Marka ogłosiła właśnie premierę niewielkiej cichej klawiatury nożycowej z wklęsłymi przyciskami, którą można połączyć aż z trzema urządzeniami jedocześnie drogą radiową i dwoma kanałami Bluetooth. Nie braknie też tu przycisku Assist AI, aktywującego asystenta Copilot Microsoftu lub dowolne inne tego typu narzędzie.
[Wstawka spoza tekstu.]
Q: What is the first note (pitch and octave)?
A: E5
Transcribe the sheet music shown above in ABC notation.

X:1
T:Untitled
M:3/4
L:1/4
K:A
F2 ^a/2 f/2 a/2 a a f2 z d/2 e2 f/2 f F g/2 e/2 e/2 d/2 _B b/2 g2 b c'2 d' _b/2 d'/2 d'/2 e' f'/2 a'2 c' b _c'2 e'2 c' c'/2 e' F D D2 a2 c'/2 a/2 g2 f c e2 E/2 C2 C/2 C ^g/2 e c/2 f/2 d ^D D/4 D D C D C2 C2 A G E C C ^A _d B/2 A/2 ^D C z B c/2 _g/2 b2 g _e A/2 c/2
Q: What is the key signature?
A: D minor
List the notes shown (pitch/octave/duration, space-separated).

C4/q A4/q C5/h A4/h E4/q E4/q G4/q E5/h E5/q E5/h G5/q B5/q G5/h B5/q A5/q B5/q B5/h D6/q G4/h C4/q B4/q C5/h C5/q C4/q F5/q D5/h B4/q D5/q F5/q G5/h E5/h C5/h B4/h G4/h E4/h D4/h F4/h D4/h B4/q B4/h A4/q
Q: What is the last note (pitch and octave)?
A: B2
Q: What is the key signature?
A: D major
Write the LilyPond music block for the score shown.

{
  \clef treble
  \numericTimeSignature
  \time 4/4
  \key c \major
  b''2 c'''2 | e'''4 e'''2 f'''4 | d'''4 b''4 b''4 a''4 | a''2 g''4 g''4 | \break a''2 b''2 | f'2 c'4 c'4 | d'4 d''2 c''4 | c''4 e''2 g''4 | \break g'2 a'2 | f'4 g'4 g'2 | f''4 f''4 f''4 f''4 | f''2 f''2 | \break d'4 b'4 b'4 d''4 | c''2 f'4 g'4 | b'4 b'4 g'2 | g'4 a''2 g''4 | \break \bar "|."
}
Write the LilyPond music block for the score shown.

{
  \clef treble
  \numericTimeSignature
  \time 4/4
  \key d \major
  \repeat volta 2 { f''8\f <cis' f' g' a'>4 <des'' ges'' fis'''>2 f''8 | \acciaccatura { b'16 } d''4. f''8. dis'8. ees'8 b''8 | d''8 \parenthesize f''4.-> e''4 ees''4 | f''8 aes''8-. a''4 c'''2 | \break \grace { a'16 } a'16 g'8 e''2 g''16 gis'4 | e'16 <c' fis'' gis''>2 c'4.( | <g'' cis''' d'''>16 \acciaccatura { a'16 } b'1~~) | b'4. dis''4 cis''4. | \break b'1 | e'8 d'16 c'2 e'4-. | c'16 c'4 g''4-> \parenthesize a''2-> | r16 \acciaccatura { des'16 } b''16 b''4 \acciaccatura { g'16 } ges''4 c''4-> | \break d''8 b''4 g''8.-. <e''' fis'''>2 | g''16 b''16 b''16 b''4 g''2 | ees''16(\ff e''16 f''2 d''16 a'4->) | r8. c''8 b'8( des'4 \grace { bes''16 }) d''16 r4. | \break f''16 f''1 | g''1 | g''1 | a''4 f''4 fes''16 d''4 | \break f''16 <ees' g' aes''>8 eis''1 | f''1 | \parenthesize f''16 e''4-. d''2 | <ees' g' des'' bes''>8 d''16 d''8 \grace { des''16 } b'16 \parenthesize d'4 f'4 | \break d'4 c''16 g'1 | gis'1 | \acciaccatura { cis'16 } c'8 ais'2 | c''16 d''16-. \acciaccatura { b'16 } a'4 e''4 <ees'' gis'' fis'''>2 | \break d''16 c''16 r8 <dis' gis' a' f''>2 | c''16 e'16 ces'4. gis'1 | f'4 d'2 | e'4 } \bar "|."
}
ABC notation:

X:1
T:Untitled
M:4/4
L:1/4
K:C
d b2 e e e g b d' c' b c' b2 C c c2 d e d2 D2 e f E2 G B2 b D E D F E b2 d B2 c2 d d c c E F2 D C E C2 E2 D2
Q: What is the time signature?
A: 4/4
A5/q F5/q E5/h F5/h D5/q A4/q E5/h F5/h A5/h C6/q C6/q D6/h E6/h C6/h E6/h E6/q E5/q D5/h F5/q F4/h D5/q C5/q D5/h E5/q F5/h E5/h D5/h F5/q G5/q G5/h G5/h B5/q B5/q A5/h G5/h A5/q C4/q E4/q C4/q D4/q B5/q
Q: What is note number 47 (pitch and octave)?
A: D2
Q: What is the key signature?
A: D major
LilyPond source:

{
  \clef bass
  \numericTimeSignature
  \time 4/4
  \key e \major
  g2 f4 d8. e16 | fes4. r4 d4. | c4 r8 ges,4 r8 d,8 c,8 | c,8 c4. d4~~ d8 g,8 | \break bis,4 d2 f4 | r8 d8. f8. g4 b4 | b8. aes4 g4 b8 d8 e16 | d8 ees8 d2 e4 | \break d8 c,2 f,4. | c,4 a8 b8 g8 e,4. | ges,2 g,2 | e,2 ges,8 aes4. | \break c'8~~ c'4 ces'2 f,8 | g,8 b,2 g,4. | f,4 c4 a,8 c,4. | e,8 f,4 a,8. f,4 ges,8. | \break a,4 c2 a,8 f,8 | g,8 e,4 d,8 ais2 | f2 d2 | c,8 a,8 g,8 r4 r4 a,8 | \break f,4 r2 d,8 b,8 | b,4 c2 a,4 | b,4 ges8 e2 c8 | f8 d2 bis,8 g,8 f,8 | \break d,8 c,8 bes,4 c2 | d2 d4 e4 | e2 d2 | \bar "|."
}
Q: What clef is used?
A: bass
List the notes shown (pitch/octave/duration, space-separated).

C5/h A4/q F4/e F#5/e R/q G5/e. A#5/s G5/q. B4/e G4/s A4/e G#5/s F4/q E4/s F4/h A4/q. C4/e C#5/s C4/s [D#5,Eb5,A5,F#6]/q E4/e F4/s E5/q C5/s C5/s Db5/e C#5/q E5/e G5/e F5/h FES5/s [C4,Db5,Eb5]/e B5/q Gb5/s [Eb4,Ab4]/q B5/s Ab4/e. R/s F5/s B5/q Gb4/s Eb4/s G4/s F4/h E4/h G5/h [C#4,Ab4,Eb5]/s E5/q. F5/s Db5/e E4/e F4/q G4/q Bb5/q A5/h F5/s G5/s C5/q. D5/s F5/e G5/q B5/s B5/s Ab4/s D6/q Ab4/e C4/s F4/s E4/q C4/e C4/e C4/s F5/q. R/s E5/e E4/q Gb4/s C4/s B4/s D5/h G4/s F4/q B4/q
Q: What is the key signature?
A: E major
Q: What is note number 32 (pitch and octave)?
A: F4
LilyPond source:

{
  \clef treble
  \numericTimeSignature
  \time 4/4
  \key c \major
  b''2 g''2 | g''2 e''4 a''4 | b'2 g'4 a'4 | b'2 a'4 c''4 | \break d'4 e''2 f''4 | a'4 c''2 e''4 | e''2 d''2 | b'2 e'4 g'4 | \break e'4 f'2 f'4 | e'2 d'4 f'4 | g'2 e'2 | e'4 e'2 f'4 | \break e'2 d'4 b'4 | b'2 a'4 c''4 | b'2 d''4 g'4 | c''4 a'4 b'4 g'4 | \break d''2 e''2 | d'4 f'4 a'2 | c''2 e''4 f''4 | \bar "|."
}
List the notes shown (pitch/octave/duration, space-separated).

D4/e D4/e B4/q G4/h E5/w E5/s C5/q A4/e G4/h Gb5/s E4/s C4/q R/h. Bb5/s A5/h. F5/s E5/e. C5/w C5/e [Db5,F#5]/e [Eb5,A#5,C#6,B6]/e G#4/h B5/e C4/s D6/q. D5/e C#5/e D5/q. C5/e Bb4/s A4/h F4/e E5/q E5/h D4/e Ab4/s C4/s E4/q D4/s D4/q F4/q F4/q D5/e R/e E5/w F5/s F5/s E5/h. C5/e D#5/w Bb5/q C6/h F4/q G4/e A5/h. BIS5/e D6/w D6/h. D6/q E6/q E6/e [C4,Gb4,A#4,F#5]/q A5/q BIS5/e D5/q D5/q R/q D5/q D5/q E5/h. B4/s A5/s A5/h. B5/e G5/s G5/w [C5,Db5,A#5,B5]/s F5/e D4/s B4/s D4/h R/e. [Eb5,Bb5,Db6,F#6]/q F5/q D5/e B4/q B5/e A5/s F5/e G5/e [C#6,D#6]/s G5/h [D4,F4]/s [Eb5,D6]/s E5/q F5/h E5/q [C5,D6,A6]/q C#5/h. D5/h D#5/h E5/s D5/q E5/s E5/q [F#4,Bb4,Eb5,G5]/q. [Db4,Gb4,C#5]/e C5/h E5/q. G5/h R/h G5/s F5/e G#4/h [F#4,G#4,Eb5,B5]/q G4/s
Najpierw omówmy parę podstawowych parametrów technicznych. Klawiatura, wykonana z materiałów syntetycznych, wyróżnia się eleganckim czarno-szarym kolorem, który powinien wizualnie bez problemu komponować się z resztą sprzętu komputerowego. Jest wyjątkowo kompaktowa, bo ma 30,1 cm szerokości, 1,7 cm wysokości i 12,9 cm głębokości, przy 307 g wagi razem z bateriami. Wprost stworzona do rozwiązań mobilnych.
Klawiaturę można połączyć z komputerem dwojako - drogą radiową w paśmie 2.4 GHz RF za pomocą znajdującego się w zestawie i chowanego w obudowie odbiornika USB-A lub poprzez Bluetooth w wersji 5.2 (przy czym dyspozycji mamy dwa kanały, zasięg do 10 metrów). Tak oto możemy połączyć ją z trzema docelowymi sprzętami naraz, np. komputerem, tabletem i smartwatchem, a także jednym przyciskiem błyskawicznie przełączać się pomiędzy nimi.
Następną zaletą urządzenia są trwałe i solidne klawisze nożycowe - idealnie nadające się do intuicyjnego, płynnego oraz cichego pisania nawet przy ostrym tempie. Są też wklęsłe, a dzięki temu niezwykle ciche i żaden dźwięk nie będzie przeszkadzał w biurze. Opuszki palców wygodnie leżą na klawiaturze, co umożliwia pisanie bez wysiłku. Co więcej, oznaczenie przycisków zostało wygrawerowane laserowo, nie trzeba więc martwić się o starcie nazewnictwa poszczególnych przycisków.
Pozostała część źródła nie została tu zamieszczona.